In compliance with long time Great Lakes convention, both of the vessels seen, regardless of size, are known as "boats". The larger one is also commonly called an "ore boat", for the intended primary cargo of iron ore, regardless of what material it is carrying at the time.

A "ship" is a seagoing vessel that came in via the St. Lawrence Seaway from salt water, and is normally known as a "saltie".

The ore boat's name is unclear, but by letter count, a possible name could be "LACKAWANNA", which was active at that time.

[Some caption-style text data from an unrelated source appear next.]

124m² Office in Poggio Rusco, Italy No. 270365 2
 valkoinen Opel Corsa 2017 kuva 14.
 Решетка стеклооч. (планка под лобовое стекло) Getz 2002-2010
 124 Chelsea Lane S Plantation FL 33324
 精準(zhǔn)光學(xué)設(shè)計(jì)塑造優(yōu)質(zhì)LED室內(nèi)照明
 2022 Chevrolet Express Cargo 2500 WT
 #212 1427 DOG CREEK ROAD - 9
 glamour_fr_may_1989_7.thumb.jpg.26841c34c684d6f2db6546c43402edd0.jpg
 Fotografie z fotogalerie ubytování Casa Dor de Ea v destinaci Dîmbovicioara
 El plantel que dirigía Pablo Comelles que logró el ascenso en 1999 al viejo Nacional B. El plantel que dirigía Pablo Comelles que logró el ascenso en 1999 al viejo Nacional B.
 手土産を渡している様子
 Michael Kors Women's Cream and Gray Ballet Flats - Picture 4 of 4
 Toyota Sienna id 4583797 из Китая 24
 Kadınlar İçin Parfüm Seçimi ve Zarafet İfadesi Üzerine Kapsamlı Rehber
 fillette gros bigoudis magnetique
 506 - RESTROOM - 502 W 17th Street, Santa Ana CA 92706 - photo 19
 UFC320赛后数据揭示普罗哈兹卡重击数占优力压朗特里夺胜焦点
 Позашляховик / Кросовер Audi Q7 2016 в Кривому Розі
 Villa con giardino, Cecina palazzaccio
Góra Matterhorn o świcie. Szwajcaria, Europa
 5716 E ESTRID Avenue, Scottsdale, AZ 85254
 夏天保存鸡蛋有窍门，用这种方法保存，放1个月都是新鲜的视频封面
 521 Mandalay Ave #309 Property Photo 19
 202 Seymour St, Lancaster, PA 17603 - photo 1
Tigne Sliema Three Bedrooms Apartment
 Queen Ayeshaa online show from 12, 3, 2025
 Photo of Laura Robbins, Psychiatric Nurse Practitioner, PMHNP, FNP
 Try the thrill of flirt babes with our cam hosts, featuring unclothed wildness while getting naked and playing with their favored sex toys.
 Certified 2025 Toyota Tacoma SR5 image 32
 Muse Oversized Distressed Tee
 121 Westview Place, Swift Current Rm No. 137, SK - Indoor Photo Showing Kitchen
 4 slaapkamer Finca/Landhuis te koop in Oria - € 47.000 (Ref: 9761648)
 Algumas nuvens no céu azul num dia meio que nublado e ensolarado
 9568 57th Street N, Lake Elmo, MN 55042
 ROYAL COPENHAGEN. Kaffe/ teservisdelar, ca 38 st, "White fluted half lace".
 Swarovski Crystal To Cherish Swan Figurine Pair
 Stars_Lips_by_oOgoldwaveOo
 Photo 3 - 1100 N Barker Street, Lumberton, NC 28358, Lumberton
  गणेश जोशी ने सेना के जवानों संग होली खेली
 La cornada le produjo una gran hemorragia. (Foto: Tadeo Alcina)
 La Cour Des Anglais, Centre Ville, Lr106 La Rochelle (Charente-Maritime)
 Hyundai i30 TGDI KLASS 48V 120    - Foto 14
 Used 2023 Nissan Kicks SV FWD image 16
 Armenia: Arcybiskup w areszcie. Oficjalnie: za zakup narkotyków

[The bulk freighter in our photo is the RENSSELAER. - Dave]

View from the other side

In the 1950s our family lived on Esdras Place in Riverside (now Windsor) Ontario, Canada. At the foot of our street was a small park on the Detroit River, and this is where we had family events, and where I learned to swim. We looked north to Belle Isle Park across the river, and ship watching was part of the fun. Here are Kodachrome slides my father took circa 1955. The steamship is the Ralph Budd, which ran from 1905 to 1963.

If picture was made today

with exact composition but late model cars it would not have made sense.

Horseless carriages

Retractable cloth roof, hand-crank start, no side windows. I wonder what these car owners 111 years ago would think of cup holders, A/C, heated seats, and cruise control. Not to mention self-driving cars.

Stop crank

I read somewhere that Ford introduced a crank with a ratchet that prevented it from kicking back thus preventing injuries.

Crank and Pray

The automobiles pictured here required laborious, hazardous hand-cranking in order to start, and it was near Belle Isle Park that auto manufacturer Byron Carter was killed in a cranking mishap -- inspiring famed engineer Charles Kettering to invent and mass-produce the electric starter (introduced in 1912), surely the most significant of all automotive improvements.